Charles Reynolds Lecture 2018: Prof Andrew Millis

The 2018 Reynolds lecture speaker was Prof Andrew Millis, a Professor of Physics at Columbia University and a co-Director of Center for Computational Quantum Physics at the Flatiron Institute. Dr. Millis’s research focus is theoretical condensed matter physics. He is the leading authority in theory of correlated materials, application of new theoretical ideas to actual experiments on novel materials including high temperature superconductors. His theory of ‘colossal’ magnetoresistance seen in manganites has been the key theoretical advance that enabled a complete understanding of these materials. Andrew has also been working on quasi one-dimensional conductors and heavy fermion compounds. The lecture, entitled “Meeting Dirac’s challenge: from quantum entanglement to materials theory” presented a broad-stroke account of developments in humankind’s capability of explaining and predicting materials properties through advanced computational approaches.

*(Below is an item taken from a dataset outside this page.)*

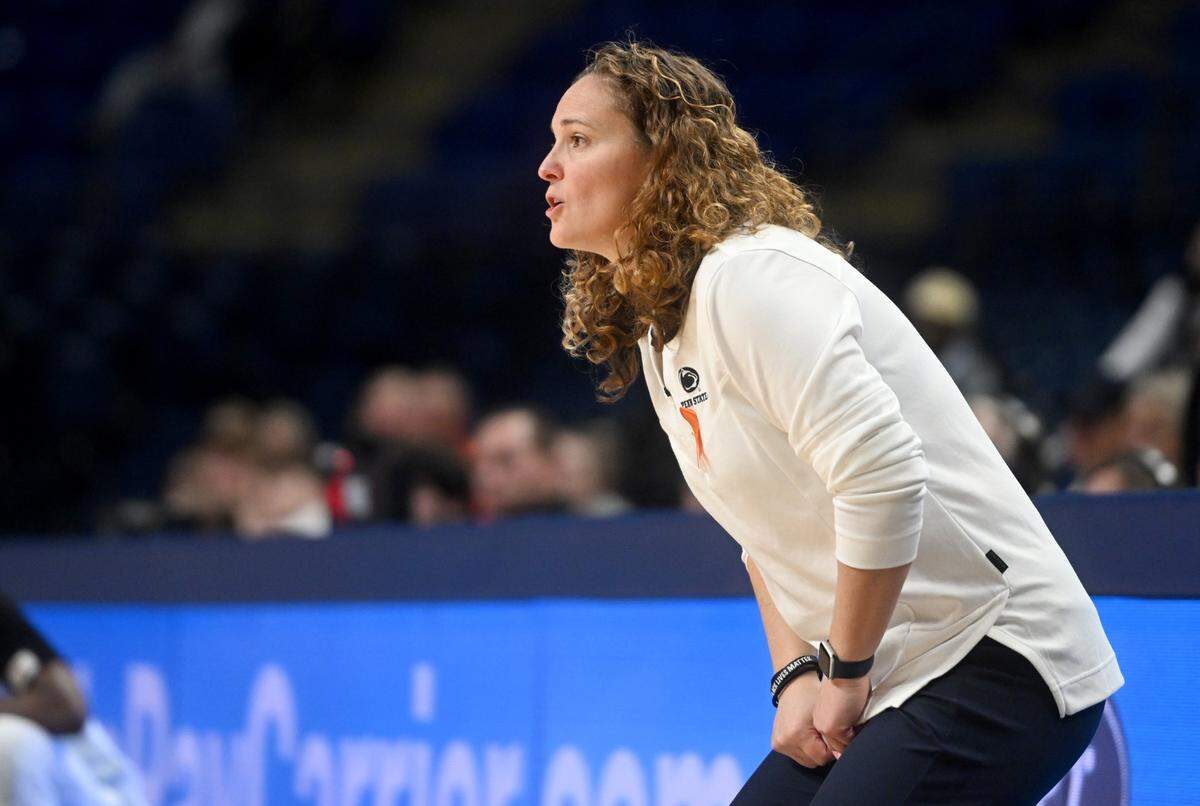 Penn State Lady Lions’ coach Carolyn Kieger yells to her players during the game against Virginia on Nov. 30, 2022.
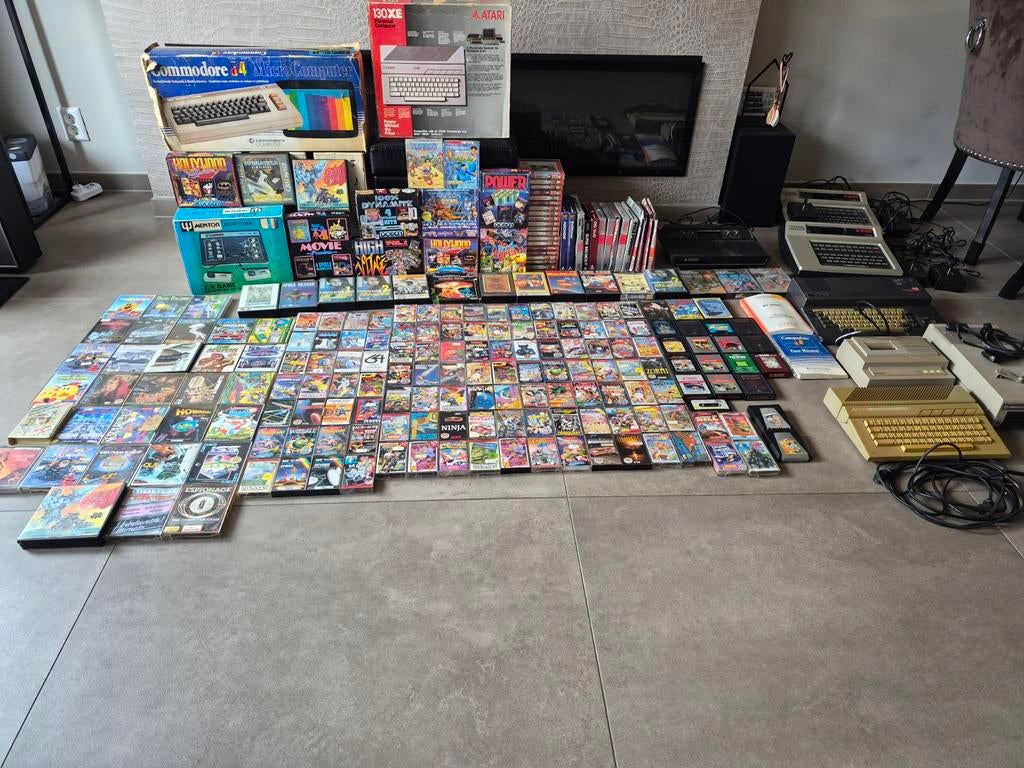 Grote collectie retro computers, consoles en games, Ophalen, Gebruikt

Dirac wrote 90 years ago: “The underlying physical laws necessary for the mathematical theory of a large part of physics and the whole of chemistry are thus completely known, and the difficulty is only that the exact application of these laws leads to equations much too complicated to be soluble. It therefore becomes desirable that approximate practical methods of applying quantum mechanics should be developed, which can lead to an explanation of the main features of complex atomic systems without too much computation.’’ Professor Millis described the development of the new computational tools to meet the challenge laid out by Dirac in our quest for effective predictive tools for quantum materials. Center for Computational Quantum Physics, The Flatiron Institute is superbly positioned to address this challenge. The lecture was held on March 15 2019 and was well attended with a large number of undergraduate and graduate students present.